▶ [Data for the task]:
□ □ □
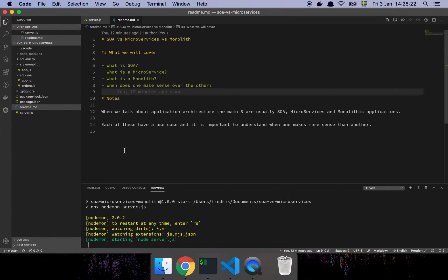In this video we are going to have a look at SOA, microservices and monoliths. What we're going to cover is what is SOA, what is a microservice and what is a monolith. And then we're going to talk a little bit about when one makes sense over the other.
□ □ □
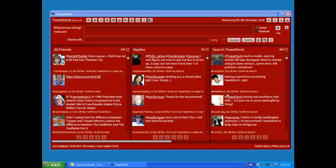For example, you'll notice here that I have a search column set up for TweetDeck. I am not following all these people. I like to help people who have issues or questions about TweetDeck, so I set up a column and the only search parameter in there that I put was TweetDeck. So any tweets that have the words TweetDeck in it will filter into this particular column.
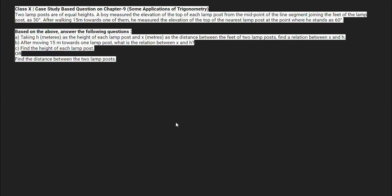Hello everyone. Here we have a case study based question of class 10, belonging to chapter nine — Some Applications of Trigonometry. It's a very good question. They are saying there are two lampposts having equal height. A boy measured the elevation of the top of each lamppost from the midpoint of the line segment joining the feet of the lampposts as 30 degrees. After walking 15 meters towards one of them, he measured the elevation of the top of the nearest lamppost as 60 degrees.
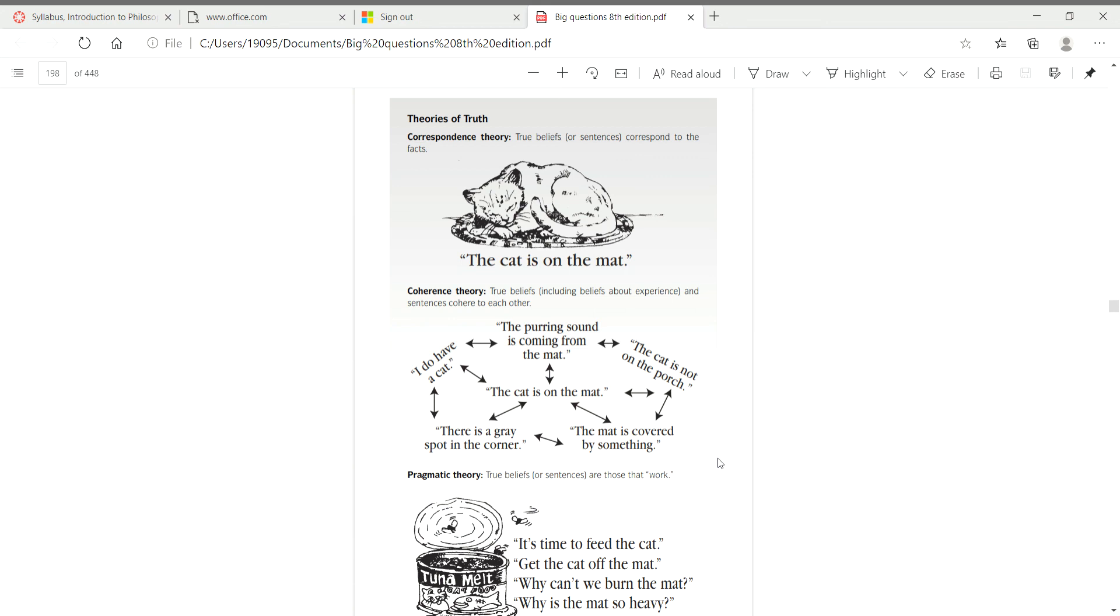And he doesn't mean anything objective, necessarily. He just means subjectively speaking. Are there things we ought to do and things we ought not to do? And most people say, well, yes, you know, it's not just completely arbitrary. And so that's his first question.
□ □ □
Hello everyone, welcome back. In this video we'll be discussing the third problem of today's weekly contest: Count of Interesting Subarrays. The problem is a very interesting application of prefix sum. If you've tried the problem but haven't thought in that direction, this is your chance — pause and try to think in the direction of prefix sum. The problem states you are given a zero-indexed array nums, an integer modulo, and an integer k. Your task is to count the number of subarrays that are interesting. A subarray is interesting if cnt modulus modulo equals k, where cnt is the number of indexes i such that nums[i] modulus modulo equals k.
□ □ □
▶ [Aim of the exercise]: Beginning at the line that has "Hello everyone. Here" and ending at the line that has "And he doesn't", restate the listing above word for word, pictures left out.

▶ [Written answer]:
Hello everyone. Here we have a case study based question of class 10, belonging to chapter nine — Some Applications of Trigonometry. It's a very good question. They are saying there are two lampposts having equal height. A boy measured the elevation of the top of each lamppost from the midpoint of the line segment joining the feet of the lampposts as 30 degrees. After walking 15 meters towards one of them, he measured the elevation of the top of the nearest lamppost as 60 degrees.
And he doesn't mean anything objective, necessarily. He just means subjectively speaking. Are there things we ought to do and things we ought not to do? And most people say, well, yes, you know, it's not just completely arbitrary. And so that's his first question.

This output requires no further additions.